Malgré un horaire tardif (concert débuté à minuit, fini vers 1h30, on n’a plus vingt ans, but fuck the curfew), la performance du quintet fut enthousiasmante. Bien qu’averti du statut de possible prétendant au titre honorifique de next big thing outre-Manche, la surprise fut totale. Et ce premier disque ne va pas modifier ma première impression. La musique inventive et protéiforme du quintet fait toujours son petit effet. A l’instar de Black Country, New Road, Squid joue un post-punk (?) aventureux, capable de s’infiltrer dans de nombreux territoires (funk, électro, ambient…), notamment avec l’appui de cuivres jazzy, d’une basse bondissante et d’un batteur-chanteur au bagout assez jubilatoire.
Les 11 titres (enfin 9 + 1 mini-intro + 1 interlude jazzy) forment un ensemble ambitieux, mais pas évident à cerner dès la première écoute. La seconde moitié synthétique et inattendue de « Boy Racers » a de quoi dérouter par exemple. On est bien souvent pas loin du domaine arty, sans être trop guindé non plus.
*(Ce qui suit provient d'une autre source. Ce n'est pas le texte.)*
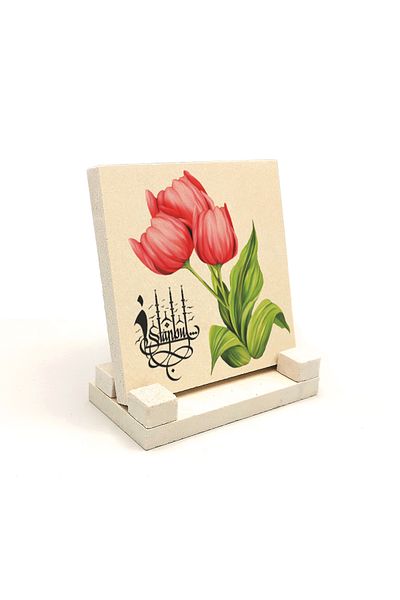 Sadrazam Istanbul Tulip Printed Natural Stone Desktop 10x10 Krt-69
Ce n’est pas tous les jours qu’un groupe anglais propose un disque aussi audacieux. Après l’intro et un « G.S.K. » parfait qui synthétise en 3 minutes le talent des anglais, le groupe place une triplette (3 des 4 titres qui culminent à 6-8 minutes) qui va faire des envieux. « Narrator », premier single de 8 minutes trente (!) impressionne. Entame groovy avec le flow addictif d’Ollie Judge, puis un long crescendo accidenté que les cris de Martha Skye Murphy et les hurlements de notre batteur bien énervé emmènent vers un des sommets de l’album. Le clip vaut le détour et renseigne mieux sur la musique labyrinthique du quintet que l’artwork verdoyant et paisible. « Boys Racers » déroute ensuite avec sa structure bipolaire, écartelée entre math-rock et abstraction synthétique. « Paddling » enthousiasme avec un patchwork musical digne de ce que l’on avait apprécié chez les canadiens de Crack Cloud l’an passé. La deuxième partie de l’album est assez déroutante, et c’est un euphémisme. Je la trouvais plus faible après les premières écoutes mais ce disque semble parti pour être un grower, et force est de constater que l’album ne me semble plus aussi long maintenant. Alors que « Documentary Filmmaker » ou « Global Groove » joue (presque) l’apaisement, entre divagation jazzy et ambient, « 2010 » lâche sans crier gare une mine noisy au milieu du salon, avant que « Peel St » ne joue les Foals dissonants. Vous avez dit déroutant ? Et les 8 minutes finales emballantes de « Pamphlets » ? Taillées pour la scène. Toujours bien vu de mettre son meilleur titre (?) en dernier. Je vais les mettre pas loin des 8 minutes de l’« Opus » de Black Country, New Road dans le top chansons 2021.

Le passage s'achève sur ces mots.